P = Princes/Princesses are often the heroes/heroines in fairytales of course but I love the heroines that prove themselves every bit as capable and intelligent as any hero (and are often better! Think Fiona in the Shrek series basically!). I also like those stories where the characters here have to prove themselves worthy of their calling - i.e. it doesn't just all fall into their laps because they are royal. A character who has to work for something, regardless of their background, is a character that will face conflict, dilemmas, enemies, and will make mistakes and basically give the reader lots of lovely action and drama to follow - and they will.

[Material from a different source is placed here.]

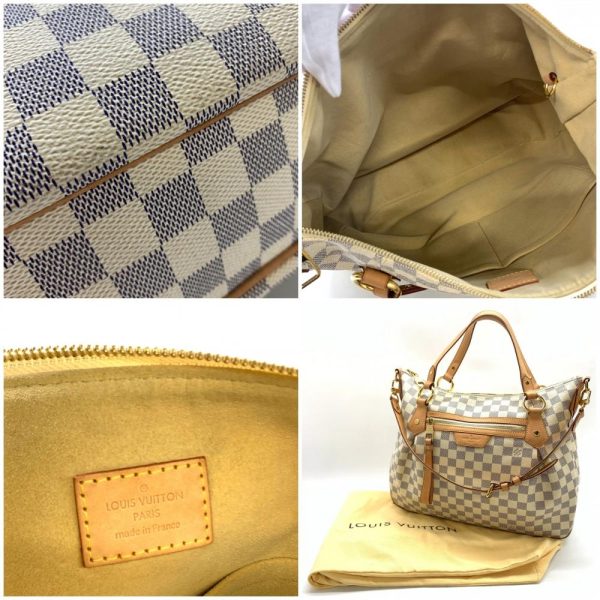 1240001037792 9 Louis Vuitton Evora MM Damier Azur White 2way Shoulder Bag Handbag Large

Q = Questions. Not such a tricky letter to find an answer for here though as I write this I don't know yet what I will be coming up with for X! All characters should ask questions and make your readers question them. The situations you put your characters in should test them (and make them query whether they are doing the right thing or not - internal conflicts like this add depth to your stories and make your characters seem more real. We all have internal conflicts to deal with so why shouldn't fictional characters do too?). Your readers should be engrossed with what your characters do and their attitudes and perhaps question themselves as to whether they'd act that way or not. A reader that is asking questions like that is one who is engaged with your characters and stories. You want lots of those!
R = Reading. It goes without saying we need to read widely to know what it is we like and what we would like to write as a result. But what would your characters read and how can you use that to show something of their personality? What are their world's myths and legends?